**YOUR ASSIGNMENT**
Please repeat exactly the lines from the one containing "Video des Babys mit zwei Gesichtern" through the last line of the records below, both included, and leave out any pictures.
*** TASK INPUT
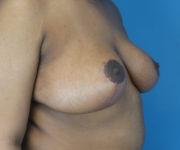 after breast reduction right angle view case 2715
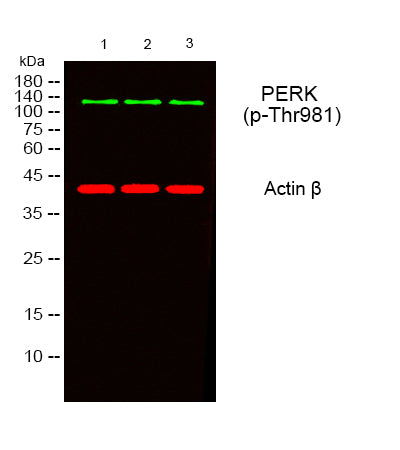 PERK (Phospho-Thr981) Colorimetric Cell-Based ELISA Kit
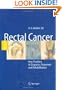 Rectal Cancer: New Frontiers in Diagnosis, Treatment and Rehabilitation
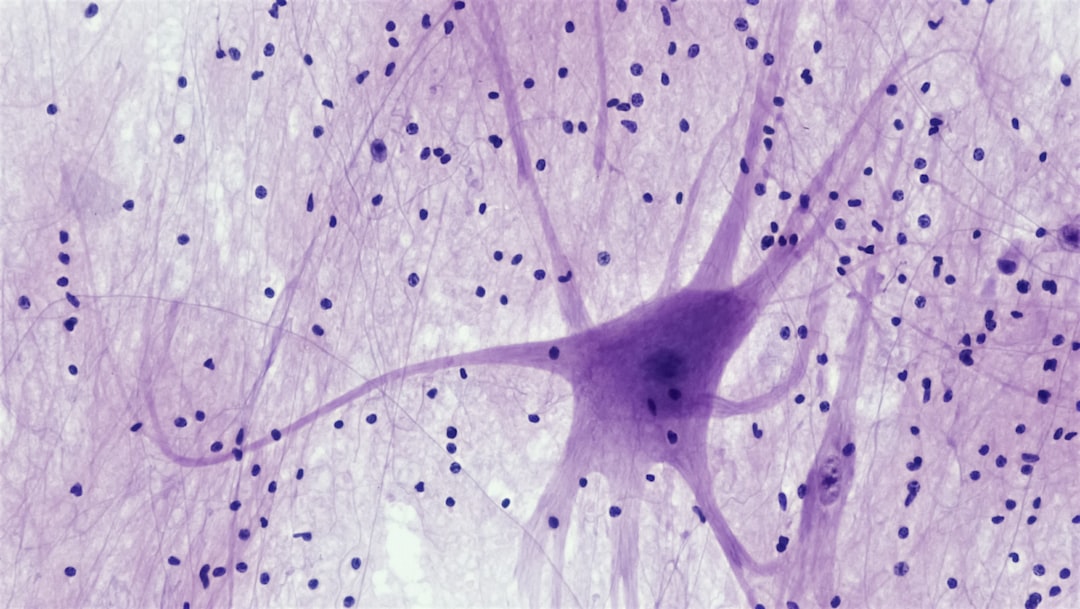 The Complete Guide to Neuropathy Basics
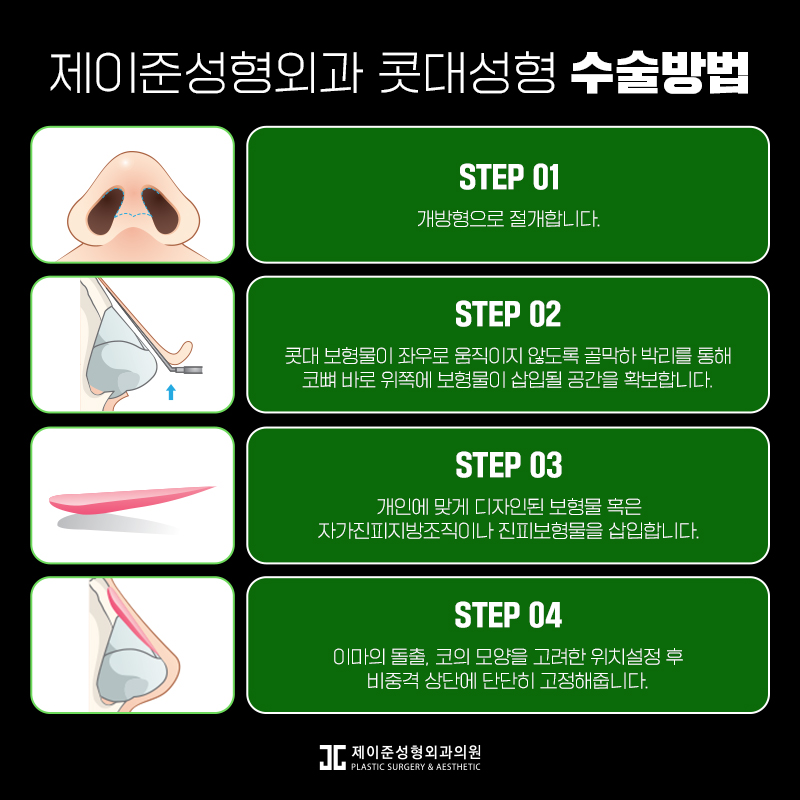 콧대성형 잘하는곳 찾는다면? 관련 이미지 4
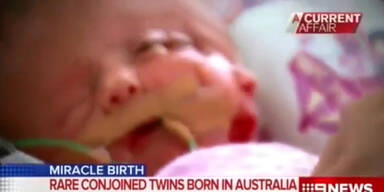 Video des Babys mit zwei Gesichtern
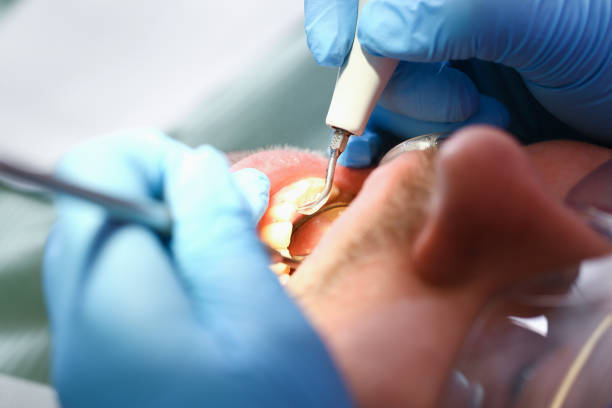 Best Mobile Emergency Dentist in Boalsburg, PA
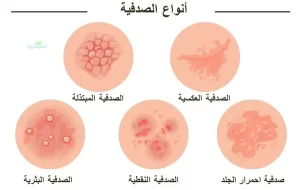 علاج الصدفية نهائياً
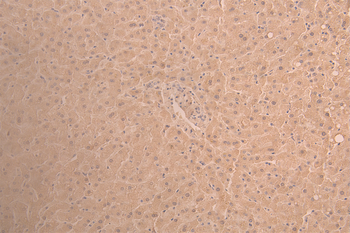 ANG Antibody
******
**OUTPUT OF THE TASK**
 Video des Babys mit zwei Gesichtern
 Best Mobile Emergency Dentist in Boalsburg, PA
 علاج الصدفية نهائياً
 ANG Antibody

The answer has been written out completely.